Brown Shares Civil War History

RACHEL DICKERSON/MCDONALD COUNTY PRESS Charles Brown spoke on the Andersonville Prison in Georgia during the Civil War at the McDonald County Library on Wednesday, Nov. 6.
RACHEL DICKERSON/MCDONALD COUNTY PRESS Charles Brown spoke on the Andersonville Prison in Georgia during the Civil War at the McDonald County Library on Wednesday, Nov. 6.

Guest speaker Charles Brown shared a little-known story about the Civil War at the McDonald County Library in Pineville on Wednesday, Nov. 6.
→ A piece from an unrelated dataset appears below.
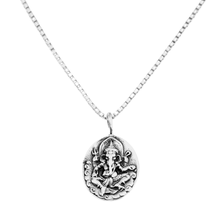 Load image into Gallery viewer, Double-Sided Om and Ganesha Pendant - 925 Sterling Silver - 55cm Chain (925SETPC010)
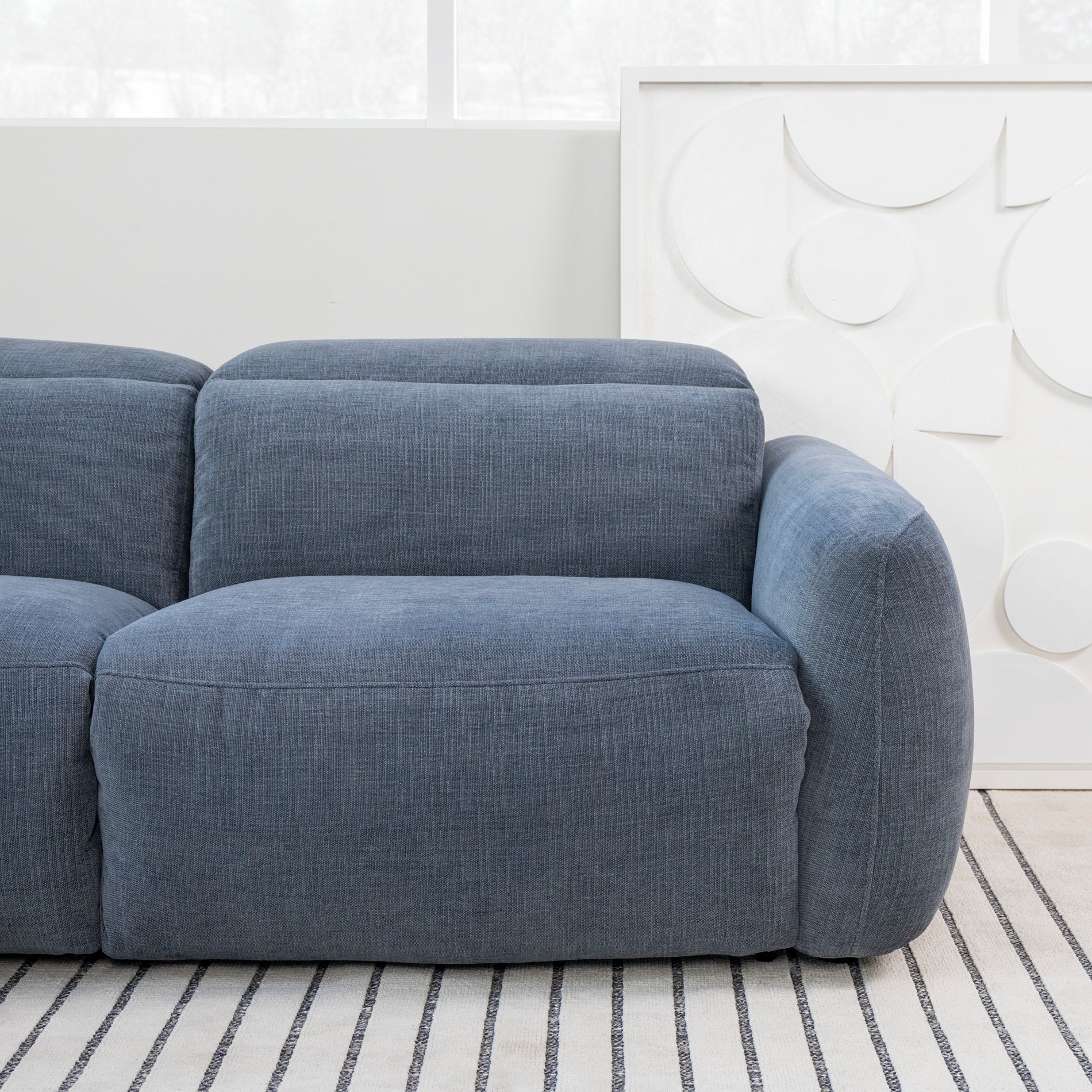 Sectionnel inclinable en tissu indigo - Austin - Image 5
The story was about events that happened at the Andersonville Prison in Andersonville, Ga. Brown reported his great-great-grandfather joined the Union Army in 1861, and every member of his regiment was a pastor. They thought the war would be over in a few weeks. Brown found a letter stating that Nathaniel was at the prison, but he later learned that, during the war, Nathaniel caught typhoid and got mustered out and died. The more he studied, he learned it wasn't Nathaniel but actually his brother, Daniel, who stayed at the Andersonville Prison.
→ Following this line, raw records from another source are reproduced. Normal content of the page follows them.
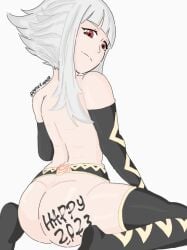 1girls 2023 alternate_hairstyle ass back back_view bangs bare_back big_ass body_writing elbow_gloves female female_only fire_emblem fire_emblem_heroes gloves grey_hair hyperkiara69 kneeling looking_at_viewer looking_back naked_gloves naked_thighhighs new_year nintendo nude nude_female official_alternate_hairstyle red_eyes short_hair smile smug solo thighhighs veronica_(fire_emblem) veronica_(princess_rising)_(fire_emblem) white_background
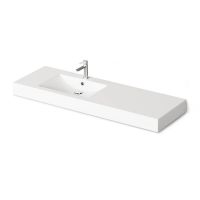 Умывальник подвесной PAA Long Step 1500 A, литый камень, левый, 150х49, Glossy Alpine White (ILS1500_A_00)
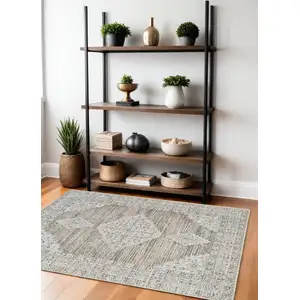 Photo of Beige and Brown Abstract Distressed Area Rug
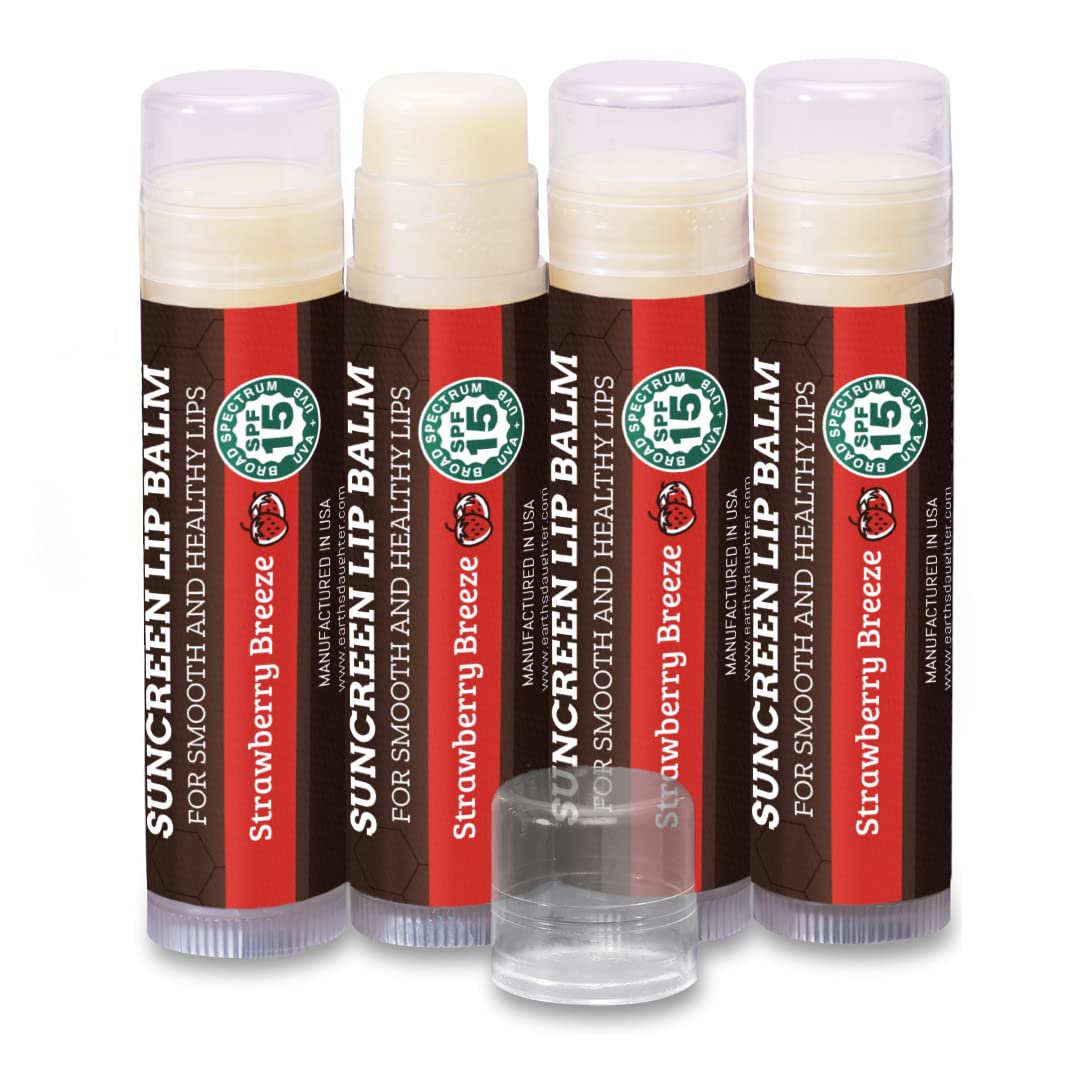 USDA Organic Lip Balm 6-Pack by Earth's Daughter Stocking Stuffers - Fruit Flavors, Beeswax, Coconut Oil, Vitamin E - Best Lip Repair Chapstick for Dry Cracked Lips - Moisturizing Lip Care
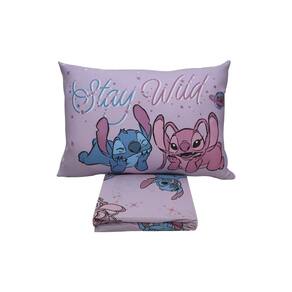 Jogo Cama Stitch Love 2 Peças C/ Elástico Solteiro Algodão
During the war, 65,000 prisoners were received at the prison. Of those, 12,913 died. The prison was on 16.5 acres of land. Capt. Henry Wirz was the commander.

The prison camp had an outer wall and an inner railing system. The space in between was called the dead zone. There was a rail 19 feet from the fence, and if anyone reached past the rail, they were shot. This was to deter escape attempts.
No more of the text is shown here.